The InfoWorld passage which caught my attention was:

Longitude Search’s AptivRank technology monitors users as they search, then promotes or demotes content’s relevance rankings based on the actions the user takes with that content. In a nutshell, it takes Microsoft’s search-ranking algorithm and makes it more intelligent…

The solution to SharePoint’s woes amounts to tweaking. In my experience, there are many vendors offering similar functionality and almost identical claims regarding fixing up SharePoint. You can chase down more at www.arnoldit.com/overflight.

The efforts are focused on a product with a large market footprint. In today’s dicey economic casino, it makes sense to trumpet solutions to long standing information retrieval challenges in a product like SharePoint. Heck, if I had to pick a market to pump up my revenue, SharePoint is a better bet than some others.

Contrast the InfoWorld’s “overcome SharePoint weaknesses” with the search assertions in “Search Technology That Can Gauge Opinion and Predict the Future.” We are jumping from the reality of a Microsoft product which has an allegedly flawed search system into the exciting world of what everyone really, really wants—serious magic.
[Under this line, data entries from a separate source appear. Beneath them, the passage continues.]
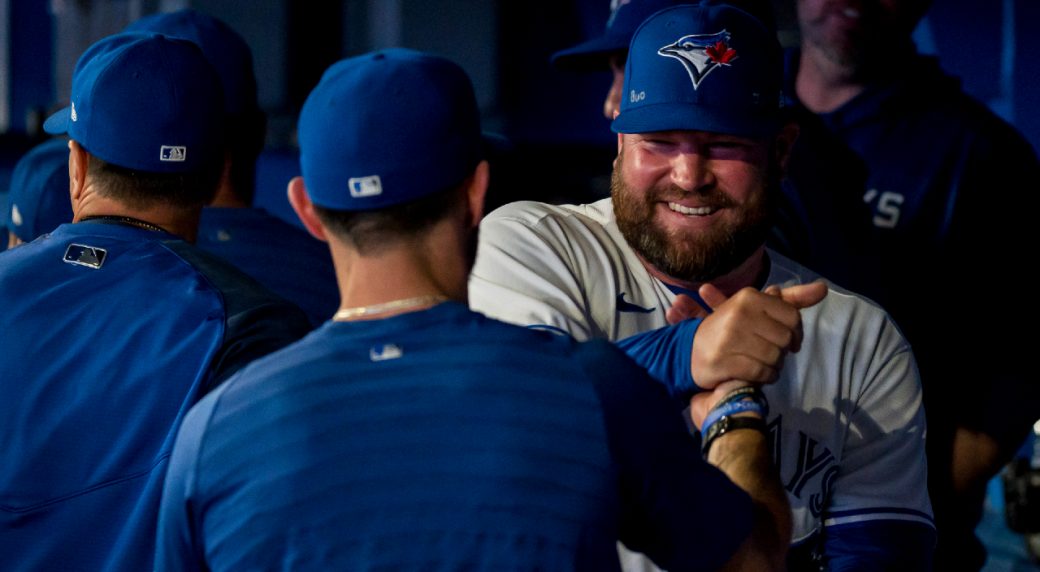 Toronto Blue Jays fans can get a new jersey at this pop up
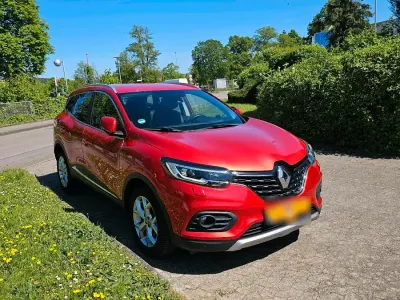 Gebraucht Renault Kadjar LIMITED Deluxe 140 PS (102 kW) 2020 Rot SUV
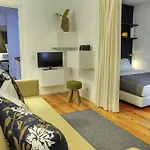 Three & Bedrooms Πόρτο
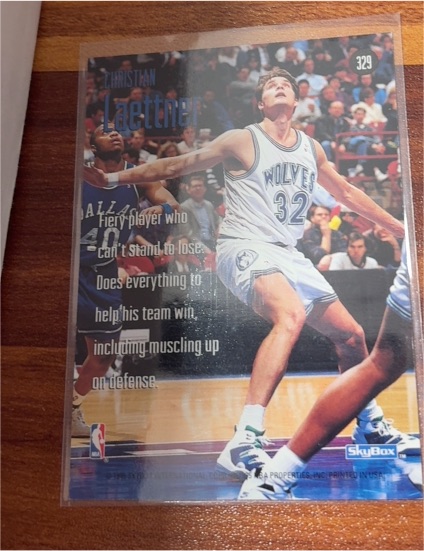 1993-94 SkyBox #329 Christian Laettner — front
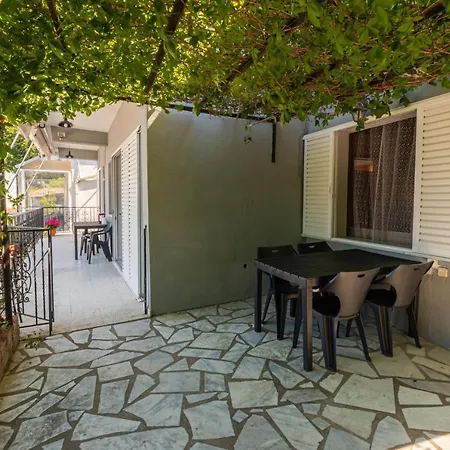 Fantasea Resort: First House * Στόμιο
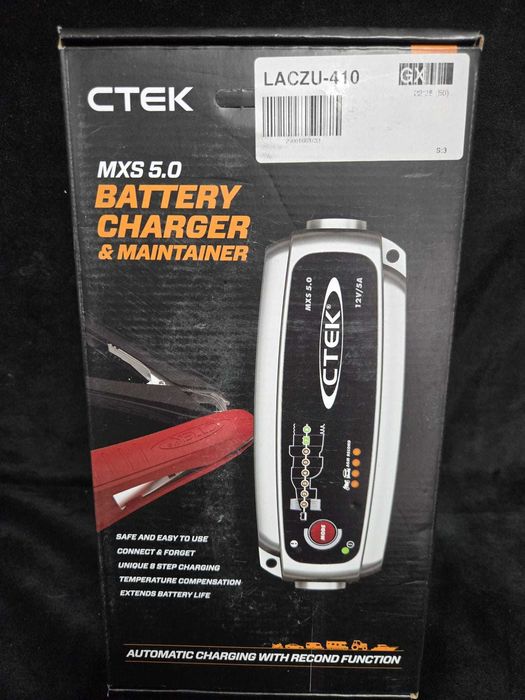 Încărcător și întreținător automat de baterii CTEK MXS 5.0,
Fixing SharePoint is pretty much hobby store magic. Predicting the future: That is big time, hide the Statue of Liberty magic.

Here’s the passage which caught my attention:

A team of EU-funded researchers have developed a new kind of internet search that takes into account factors such as opinion, bias, context, time and location. The new technology, which could soon be in use commercially, can display trends in public opinion about a topic, company or person over time — and it can even be used to predict the future…Future Predictor application is able to make searches based on questions such as ‘What will oil prices be in 2050?’ or ‘How much will global temperatures rise over the next 100 years?’ and find relevant information and forecasts from today’s web. For example, a search for the year 2034 turns up ‘space travel’ as the most relevant topic indexed in today’s news.

Yep, rich indexing, facets, and understanding text are in use.

What these two examples make clear, in my opinion, is that:

Search is broken. If an established product delivers inadequate findability, why hasn’t Microsoft just solved the problem? If off the shelf solutions are available from numerous vendors, why hasn’t Microsoft bought the ones which fix up SharePoint and call it a day? The answer is that none of the existing solutions deliver what users want. Sure, search gets a little better, but the SharePoint search problem has been around for a decade and if search were such an easy problem to solve, Microsoft has the money to do the job. Still a problem? Well, that’s a clue that search is a tough nut to crack in my book. Marketers don’t have to make a system meet user needs. Columnists don’t even have to use the systems about which they write. Pity the users.

Writing about whiz bang new systems funded by government agencies is more fun than figuring out how to get these systems to work in the real world. If SharePoint search does not work, what effort and investment will be required to predict the future via a search query? I am not holding my breath, but the pundits can zoom forward.

The search and retrieval sector is in turmoil, and it will stay that way. The big news in search is that free and open source options are available which work as well as Autonomy- and Endeca-like systems. The proprietary and science fiction solutions illustrate on one hand the problems basic search has in meeting user needs and, on the other hand,  the lengths to which researchers are trying to go to convince their funding sources and regular people that search is going to get better real soon now.

Net net: Search is a problem and it is going to stay that way. Quick fixes, big data, and predictive whatevers are not going to perform serious magic quickly, economically, or reliably without significant investment. InfoWorld seems to see chipper descriptions and assertions as evidence of better search. The Science Daily write up mingles sci-fi excitement with a government funded program to point the way to the future.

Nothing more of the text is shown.